M. Dominique de Legge , rapporteur . - La semaine dernière, la Cour des comptes a nuancé le panorama des économies attendues de la RGPP, entre autres, parce que les retours aux agents semblent supérieurs aux prévisions. Comment expliquer cette hausse ? Est-elle durable ? Ensuite, comment sont décidées et réparties les suppressions de postes entre le niveau central et les échelons territoriaux au sein des ministères ?

M. Jean-François Verdier . - Le principe du « un sur deux » est un moyen, non un objectif. Dès 2007, le Président de la République avait pris l'engagement que 50 % des économies réalisées grâce à la RGPP bénéficieraient aux agents. Ces retours ont atteint 400 millions en 2008, 640 millions en 2010. Ils devraient s'élever à 605 millions cette année et se situer entre 500 et 600 millions les deux années suivantes. Le taux de retour est aujourd'hui d'environ 53 %. Et ce, pour une raison simple : la mécanique du « un sur deux » n'est pas enfermée dans une logique strictement comptable, certains ministères ont voulu faire davantage, tel Bercy qui a appliqué une règle de deux sur trois la première année. Les retours sont fonction de la proportion des efforts réalisés. Chaque ministère est libre de l'utilisation de ces retours. Pour exemple, au ministère de l'intérieur, elles ont davantage profité au secteur de la police qu'au réseau des préfectures. Si ces retours sont essentiellement catégoriels, d'autres ministères en ont profité pour revoir les grilles ou les durées de carrières, mesures de plus long terme.

S'agissant de la répartition des effectifs, le ministre du budget arrête la trajectoire des finances publiques après discussion avec les ministères. Ensuite, les ministères reçoivent au début de l'été une lettre fixant le plafond d'emploi à ne pas dépasser, chacun étant libre de concentrer l'effort sur tel ou tel échelon. Certains, dont les services sont peu déconcentrés, ont réalisé des économies sur l'échelon central, d'autres sur les échelons régionaux ou départementaux. On a souvent entendu dire que l'on dépouillait l'échelon départemental au bénéfice du niveau régional. Les mois passant, les choses s'équilibrent, nous disent les préfets. De fait, si l'État veut continuer à assumer ses missions régaliennes, on ne peut pas aller plus loin. D'où les trois missions en cours sur la redéfinition des missions de l'État. Aucun arbitrage n'a encore été rendu. Quoi qu'il en soit, le processus de décision est assez directif : il y a peu d'échanges entre le niveau central et les échelons locaux.

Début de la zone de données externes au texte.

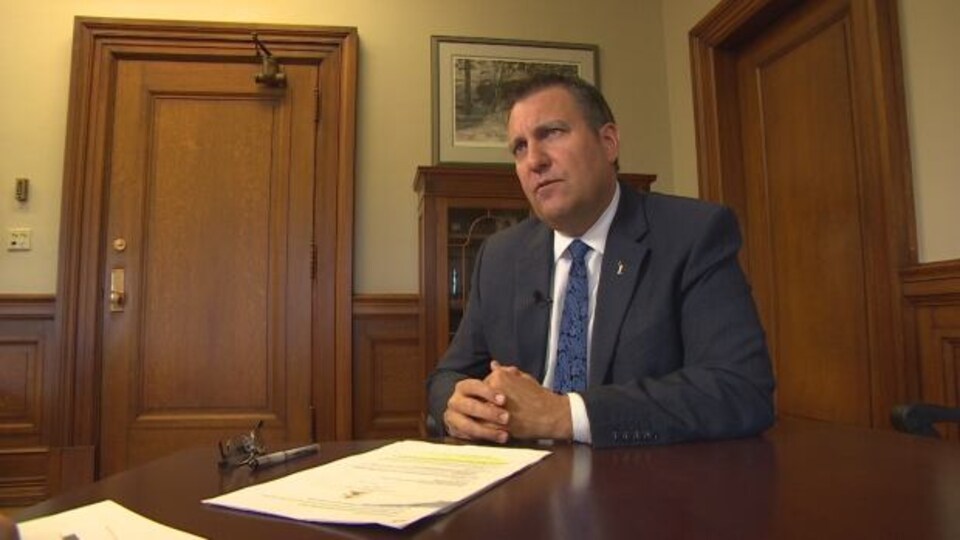 Le ministre assis sur une table avec des documents devant lui.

M. Dominique de Legge , rapporteur . - Le préfet de région assure les arbitrages au niveau régional afin de garantir la présence de l'État. Or il semblerait que la mobilité des agents entre les différents ministères soit délicate, ce qui complique son travail d'adaptation des moyens aux besoins. Comment faciliter sa tâche ? Certes, la finalité première de la RGPP n'est pas le « un sur deux ». Pour autant, l'État, devant la diminution de ses effectifs, devra inévitablement affirmer ses priorités et peut-être abandonner certaines de ses missions, ce qui n'est pas le cas aujourd'hui. Quelles sont vos observations à ce sujet ?

M. Jean-François Verdier . - La difficulté des préfets de région à réallouer les moyens humains au niveau local tient, non à des difficultés administratives et juridiques puisque la loi d'août 2009 a levé tous les obstacles, mais à des considérations budgétaires. La situation est la suivante : dans le cadre de la restructuration d'un service déconcentré de l'État, un agent ne souhaite pas revenir à Paris et trouve un emploi dans une sous-préfecture ; son ministère refuse l'affectation au motif que son plafond d'emploi ne l'autorise pas à accueillir un fonctionnaire supplémentaire en détachement.

Pour remédier à cette difficulté réelle mais limitée à un petit nombre de cas, nous avons créé un dispositif dérogatoire à la LOLF, avec l'aval de la DGB, qui consiste en une chambre de compensation, que nous appelons également le « un sur un ». Nous avons récemment étendu ce mécanisme, initialement limité au ministère de l'agriculture et au ministère de l'écologie et du développement durable, aux cinq ministères concernés par les fusions au niveau local. Cette chambre de compensation, qui a son siège auprès du Secrétaire général du Gouvernement, associe la DGAFP, la DGB et les secrétaires généraux des ministères concernés. Mais nul ne sait ce que va en penser la Cour des Comptes...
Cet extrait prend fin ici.